- _Extracted information_:
# # #
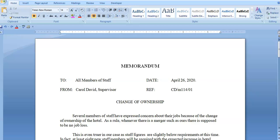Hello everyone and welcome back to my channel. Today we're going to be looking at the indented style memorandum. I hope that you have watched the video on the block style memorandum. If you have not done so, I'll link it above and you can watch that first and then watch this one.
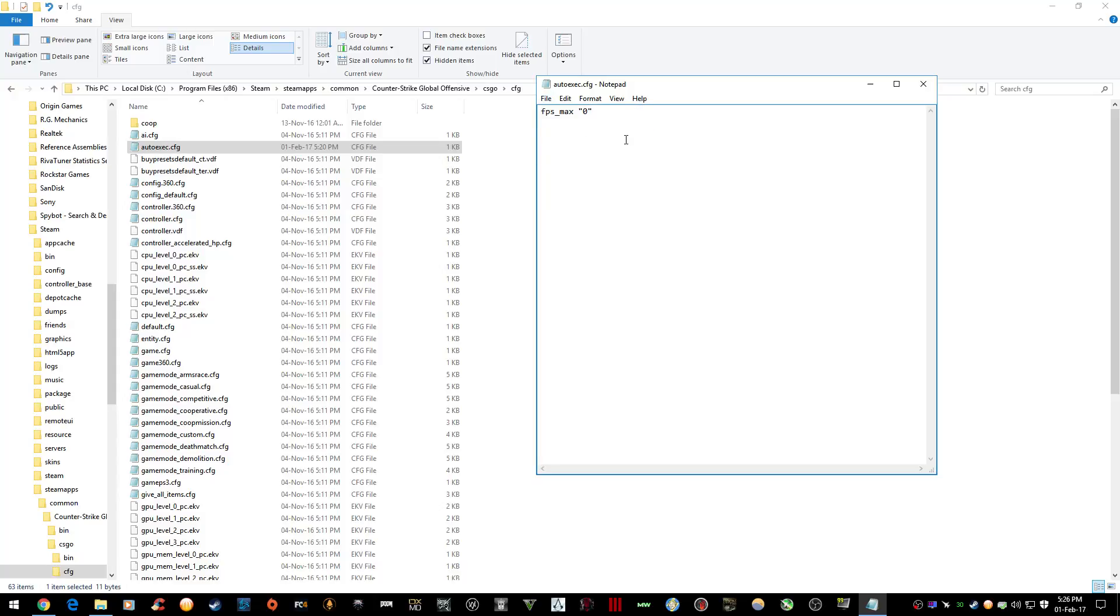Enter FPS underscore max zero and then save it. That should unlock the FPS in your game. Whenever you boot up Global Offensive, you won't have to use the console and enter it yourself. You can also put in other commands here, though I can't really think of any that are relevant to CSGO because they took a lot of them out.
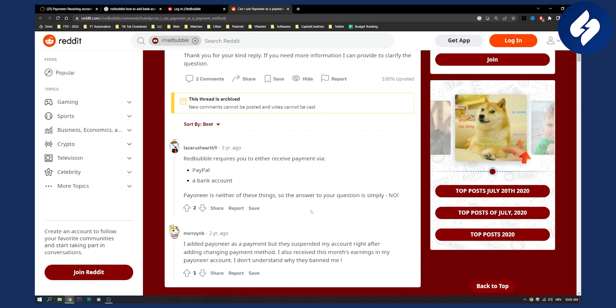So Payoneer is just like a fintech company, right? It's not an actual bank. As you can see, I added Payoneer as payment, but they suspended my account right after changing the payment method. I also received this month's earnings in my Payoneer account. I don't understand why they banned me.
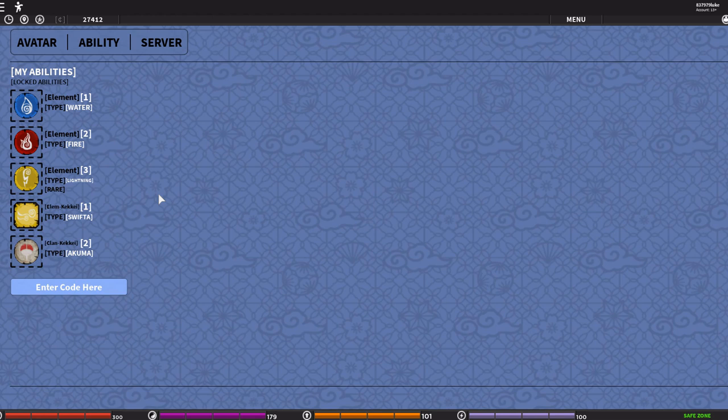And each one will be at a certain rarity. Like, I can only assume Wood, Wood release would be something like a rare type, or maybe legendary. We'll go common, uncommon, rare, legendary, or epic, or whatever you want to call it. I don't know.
# # #
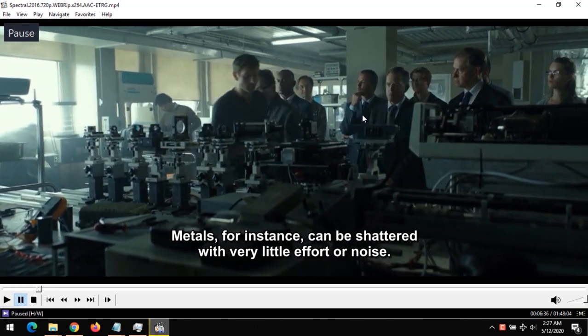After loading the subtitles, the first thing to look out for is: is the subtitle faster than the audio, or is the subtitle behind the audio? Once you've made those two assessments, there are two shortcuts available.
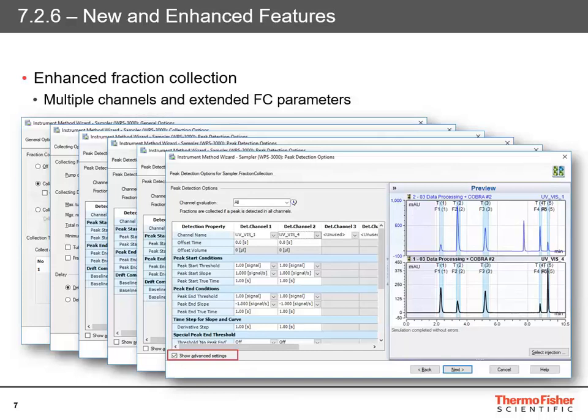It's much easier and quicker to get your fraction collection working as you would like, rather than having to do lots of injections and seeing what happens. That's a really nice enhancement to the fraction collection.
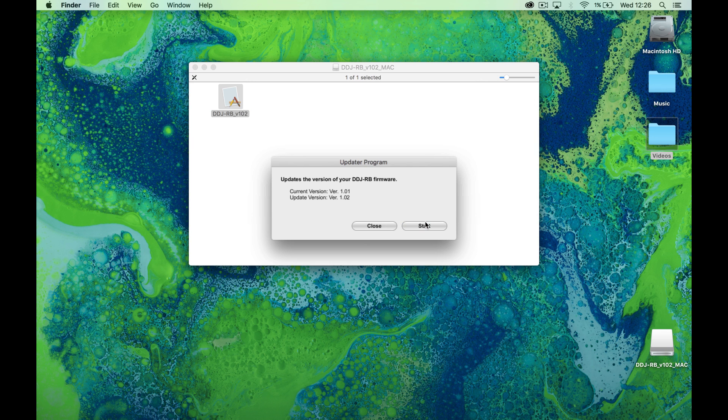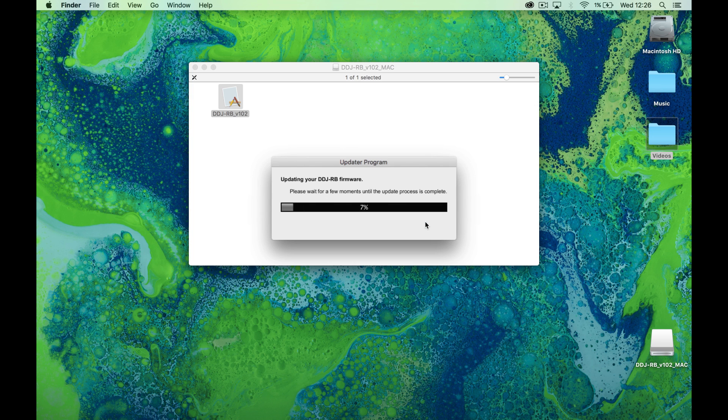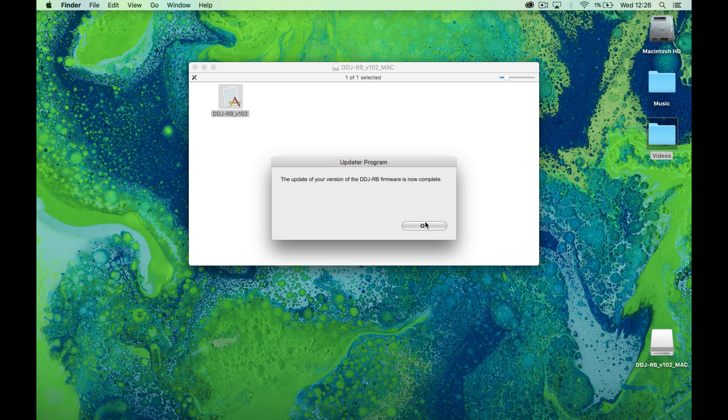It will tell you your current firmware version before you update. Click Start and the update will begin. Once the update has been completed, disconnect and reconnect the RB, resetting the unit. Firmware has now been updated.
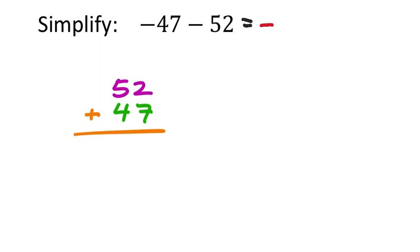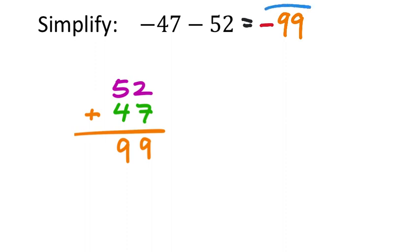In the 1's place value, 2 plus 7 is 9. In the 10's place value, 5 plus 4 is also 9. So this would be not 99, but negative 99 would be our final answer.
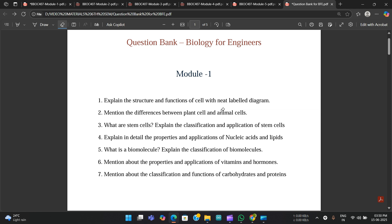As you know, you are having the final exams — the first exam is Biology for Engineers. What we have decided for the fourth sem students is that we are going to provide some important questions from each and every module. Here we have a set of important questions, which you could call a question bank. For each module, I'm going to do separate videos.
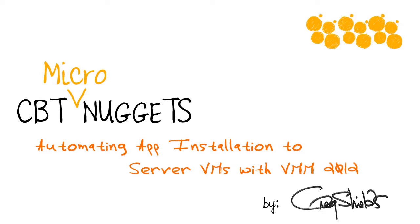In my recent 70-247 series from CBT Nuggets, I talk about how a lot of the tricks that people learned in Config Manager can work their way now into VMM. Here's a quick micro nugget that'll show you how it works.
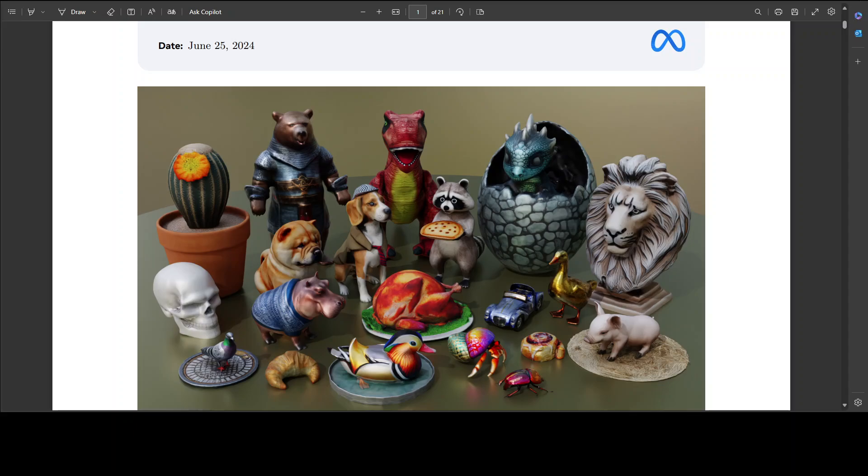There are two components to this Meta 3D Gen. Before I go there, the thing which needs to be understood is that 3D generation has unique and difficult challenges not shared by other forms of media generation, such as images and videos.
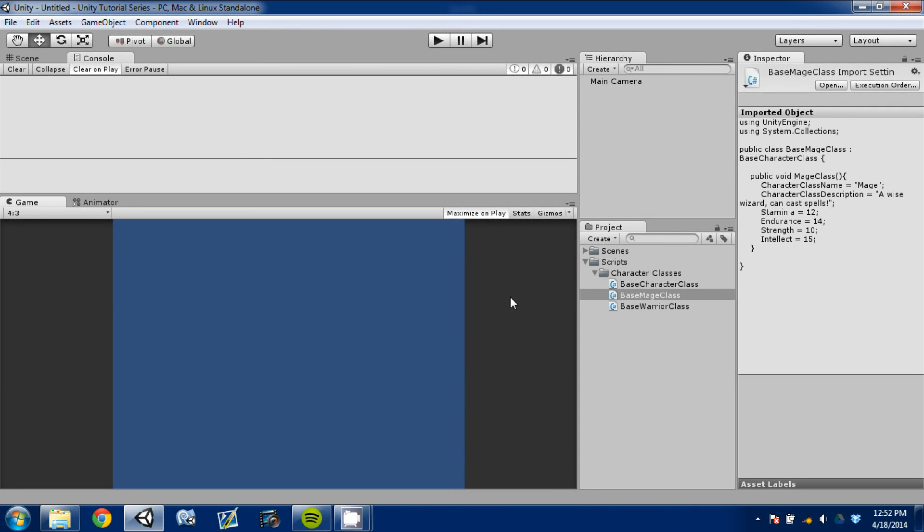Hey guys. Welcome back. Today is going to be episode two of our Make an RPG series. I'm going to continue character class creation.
# # #
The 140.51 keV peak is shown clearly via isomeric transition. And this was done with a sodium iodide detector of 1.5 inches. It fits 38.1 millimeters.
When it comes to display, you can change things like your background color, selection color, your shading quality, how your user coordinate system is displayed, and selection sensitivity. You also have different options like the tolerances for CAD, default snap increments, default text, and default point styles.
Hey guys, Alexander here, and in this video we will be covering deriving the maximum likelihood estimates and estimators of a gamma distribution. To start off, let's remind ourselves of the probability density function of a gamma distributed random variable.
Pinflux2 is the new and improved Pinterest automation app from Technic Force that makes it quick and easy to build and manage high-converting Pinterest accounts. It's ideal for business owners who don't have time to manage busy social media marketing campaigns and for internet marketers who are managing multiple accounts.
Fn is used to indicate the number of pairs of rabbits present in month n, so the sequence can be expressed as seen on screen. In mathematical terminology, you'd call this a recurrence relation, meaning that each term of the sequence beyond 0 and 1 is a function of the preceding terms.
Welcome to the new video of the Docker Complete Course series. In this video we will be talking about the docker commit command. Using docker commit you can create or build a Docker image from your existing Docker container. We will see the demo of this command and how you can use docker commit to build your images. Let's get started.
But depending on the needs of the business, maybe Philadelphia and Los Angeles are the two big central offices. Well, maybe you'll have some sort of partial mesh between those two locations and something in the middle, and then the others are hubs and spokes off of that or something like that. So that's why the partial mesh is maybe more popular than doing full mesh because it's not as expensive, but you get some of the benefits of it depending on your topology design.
# # #
- _What to produce_:
Look through the material above and print exactly the lines from the one containing "The 140.51 keV" to the one containing "Hey guys, Alexander", both included, and nothing more.

- _Task output_:
The 140.51 keV peak is shown clearly via isomeric transition. And this was done with a sodium iodide detector of 1.5 inches. It fits 38.1 millimeters.
When it comes to display, you can change things like your background color, selection color, your shading quality, how your user coordinate system is displayed, and selection sensitivity. You also have different options like the tolerances for CAD, default snap increments, default text, and default point styles.
Hey guys, Alexander here, and in this video we will be covering deriving the maximum likelihood estimates and estimators of a gamma distribution. To start off, let's remind ourselves of the probability density function of a gamma distributed random variable.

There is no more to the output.